Within the company, 35 percent of those surveyed indicated that IT takes the largest financial hit, but 23 percent named sales, 22 percent named security and risk management, and 12 percent named customer services.
“Sales is hit with responding to angry customers who may leave, or threaten to leave, the business they had contracts with, for example a SaaS vendor or hosting provider with a service level agreement,” Zeifman said. “Sales may also miss its number, for example an online retailer knocked offline on Cyber Monday.”
Additionally, five percent named marketing and public relations, and two percent named legal.
“Marketing often has to communicate with customers and repair their reputation with customers and the market,” Zeifman said. “Legal is involved in negotiations over SLA violation, potential lawsuits, and potentially with regulatory filings in the financial services industry.”
Incapsula indicates in the survey that organizations should be able to respond to DDoS attacks with as few employees as possible.
When asked how many employees in the organization are tasked with mitigating or combating a DDoS attack, 27 percent of respondents said more than 15 staffers, 69 percent said between two and 15 people, and no one said just a single individual. Furthermore, while 43 percent of respondents said their company uses a purpose-built DDoS protection solution, more than half stated that their firm relies on web application firewalls or traditional network firewalls that are vulnerable on their own.
“In general, organizations do not do a good job when it comes to crisis planning,” Zeifman said. “There are often business priorities that take precedence, though the lack of planning may come back to bite them.
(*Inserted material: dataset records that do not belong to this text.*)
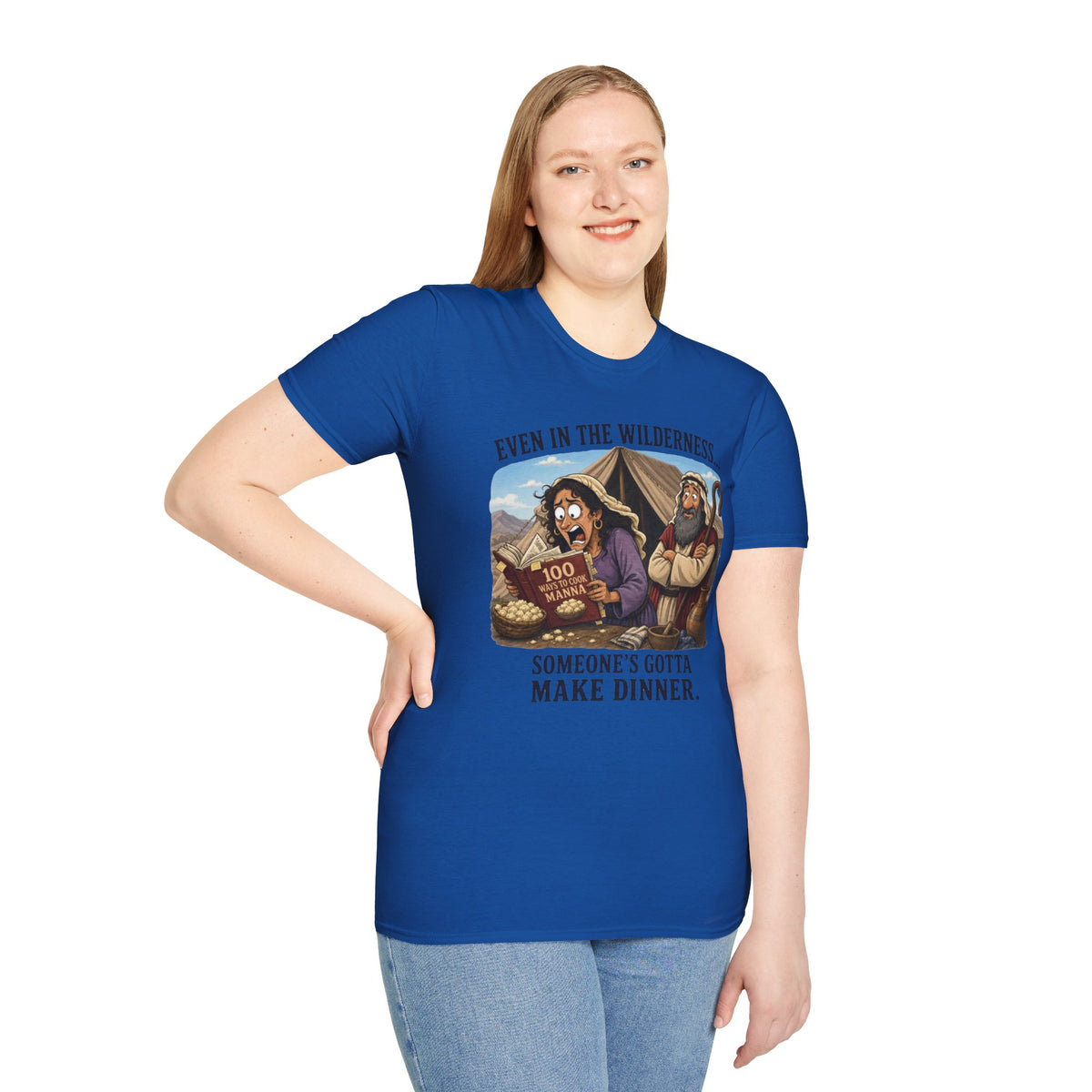 "Even in the Wilderness… Someone's Gotta Make Dinner" Bible Humor Shirt, Mom shirt, Grandma shirt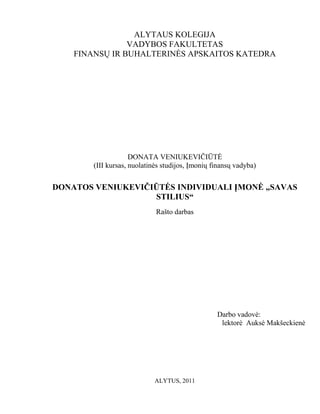 ALYTAUS KOLEGIJA
                VADYBOS FAKULTETAS
    FINANSŲ IR BUHALTERINĖS APSKAITOS KATEDRA




                     DONATA VENIUKEVIČIŪTĖ
        (III kursas, nuolatinės studijos, Įmonių finansų vadyba)


DONATOS VENIUKEVIČIŪTĖS INDIVIDUALI ĮMONĖ „SAVAS
                   STILIUS“
                             Rašto darbas




                                                  Darbo vadovė:
                                                   lektorė Auksė Makšeckienė




                             ALYTUS, 2011
 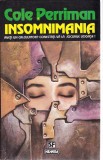 Carte: Cole Perriman - Insomnimania (SF - Colectia Nautilus)
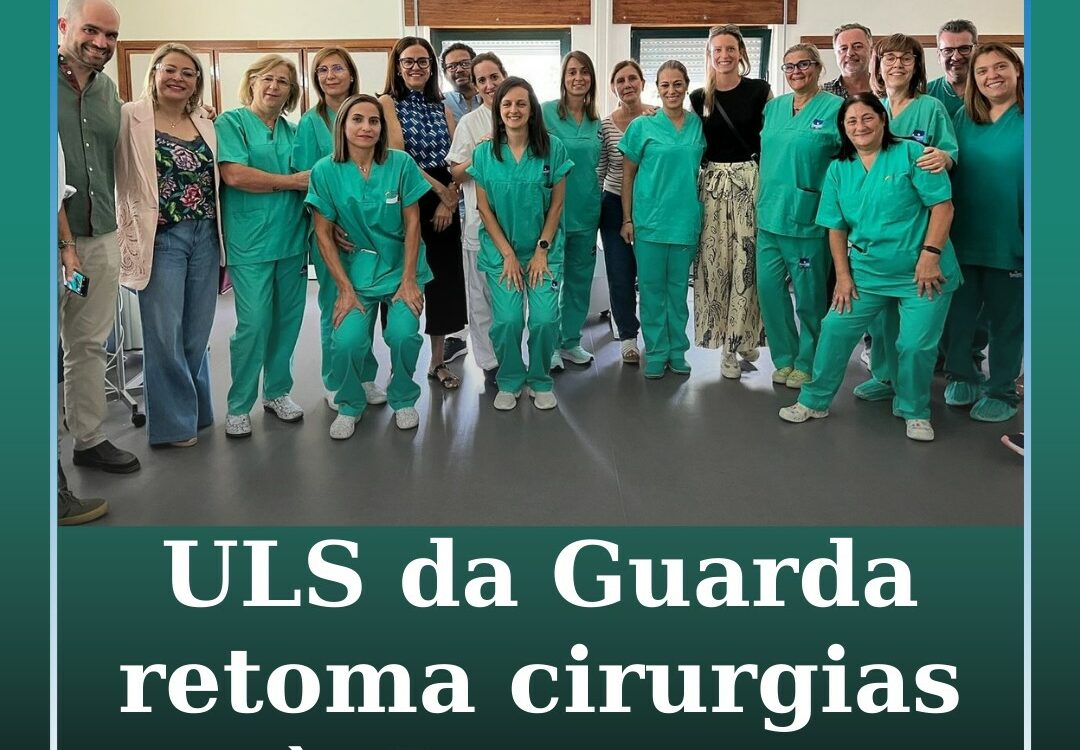 ULS da Guarda retoma cirurgias à catarata após seis anos de interrupção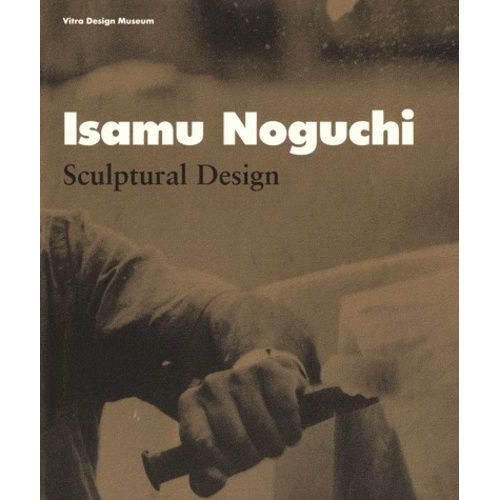 Isamu Noguchi - Sculptural Design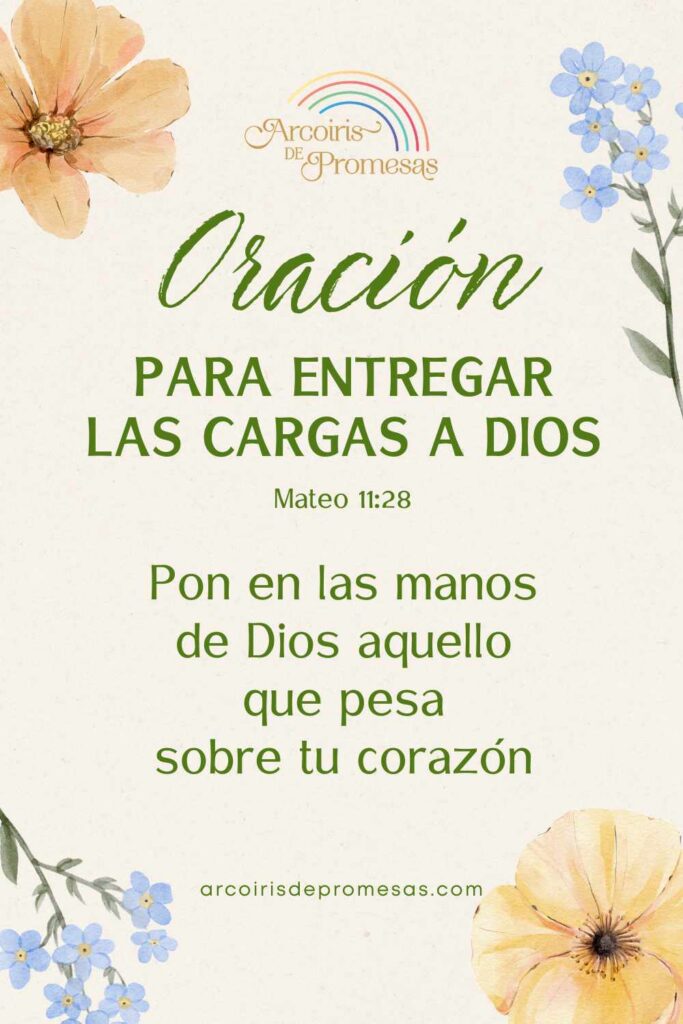 oración para entregar tus cargas a Dios oraciones cristianas para mujeres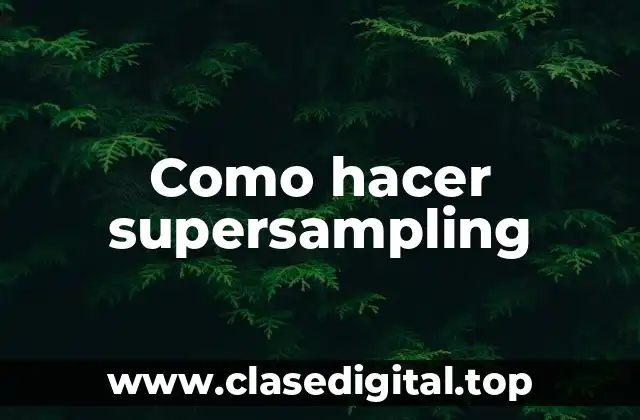 Como hacer supersampling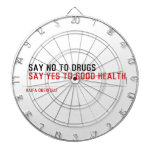  Say no to drugs   Dartboards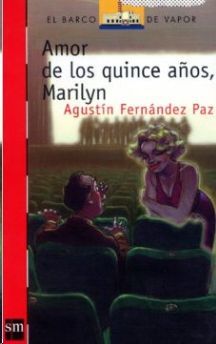 AMOR DE LOS QUINCE AOS, MARILYN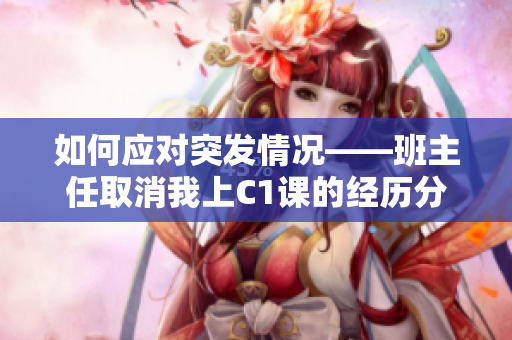 如何应对突发情况——班主任取消我上C1课的经历分享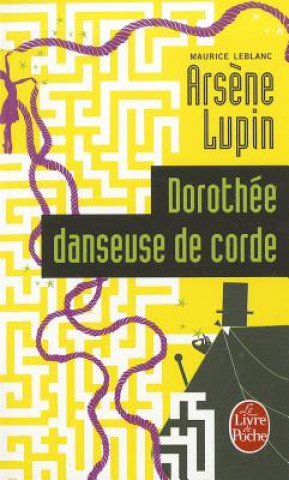 Kniha DOROTHEE DANSEUSE DE CORDE Maurice Leblanc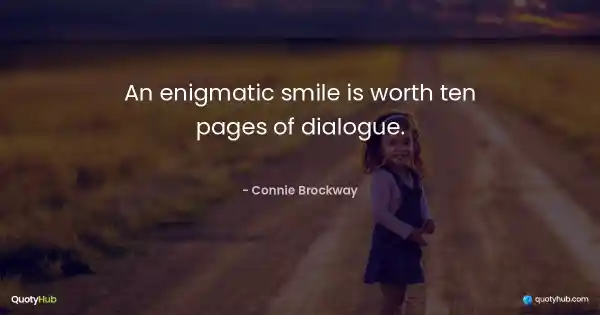 An enigmatic smile is worth ten pages of dialogue. - Connie Brockway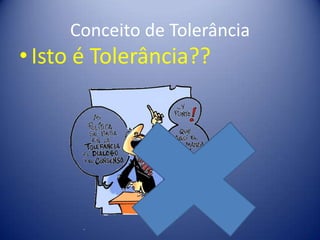 Conceito de Tolerância
• Isto é Tolerância??
 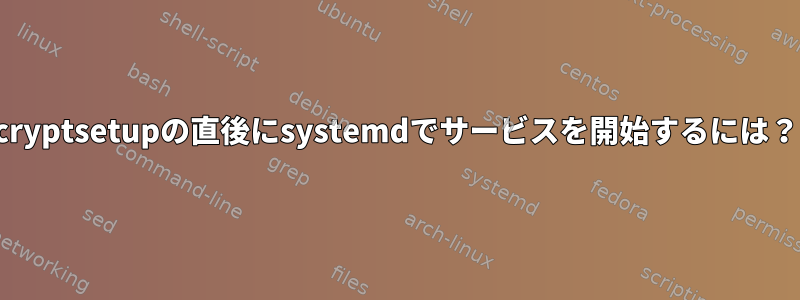 cryptsetupの直後にsystemdでサービスを開始するには？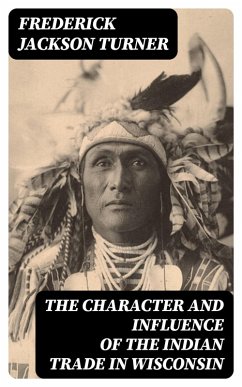 The Character and Influence of the Indian Trade in Wisconsin (eBook, ePUB) - Turner, Frederick Jackson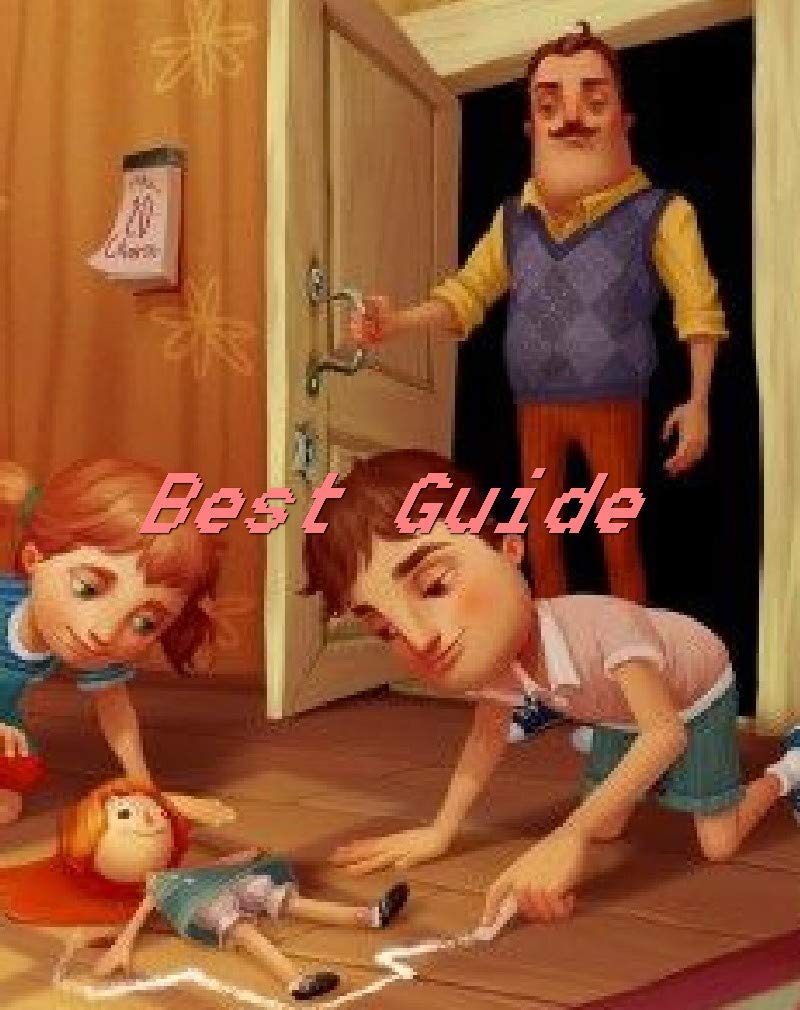 Hello Neighbor Hide and Seek Game Guide/ Walkthrough / Complete Guide ...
Just like organizations should have plans to recover from data breaches, they should have plans to recover from DDoS attacks.”
Stepping back from cost analysis, Incapsula sought to determine the motivations behind DDoS attacks.
In the survey, 46 percent of respondents indicated that they had received a ransom note from a DDoS attacker, and 45 percent said they had not. 40 percent of those surveyed said they believe the attacker was attempting to flood the company’s network infrastructure to block all connections to its domain, 20 percent believe the attacker was targeting specific applications to block the company’s use, and 33 percent believe both were motivations.
Extortion for profit is one of the primary drivers of DDoS attacks, Zeifman said.
“Extortionist hackers rent botnets for a relatively small amount of money, say $500, and then threaten DDoS attacks on ten to twenty sites, betting that some will pay up,” Zeifman said. “It is effectively DDoS arbitrage.”
Zeifman added that hacktivism and competitive business feuds are other big motivations.
“Hacktivists try to draw attention to their cause or the faults of the organization they are attacking,” Zeifman said. “Their aim is publicity, but the business and its customers suffer. Competitive business feuds are more common in certain competitive and loosely regulated industries like online gambling, multiplayer online games, and bitcoin exchanges. Competitors try and take out a competitor to drive business to their game site, gambling site or exchange.”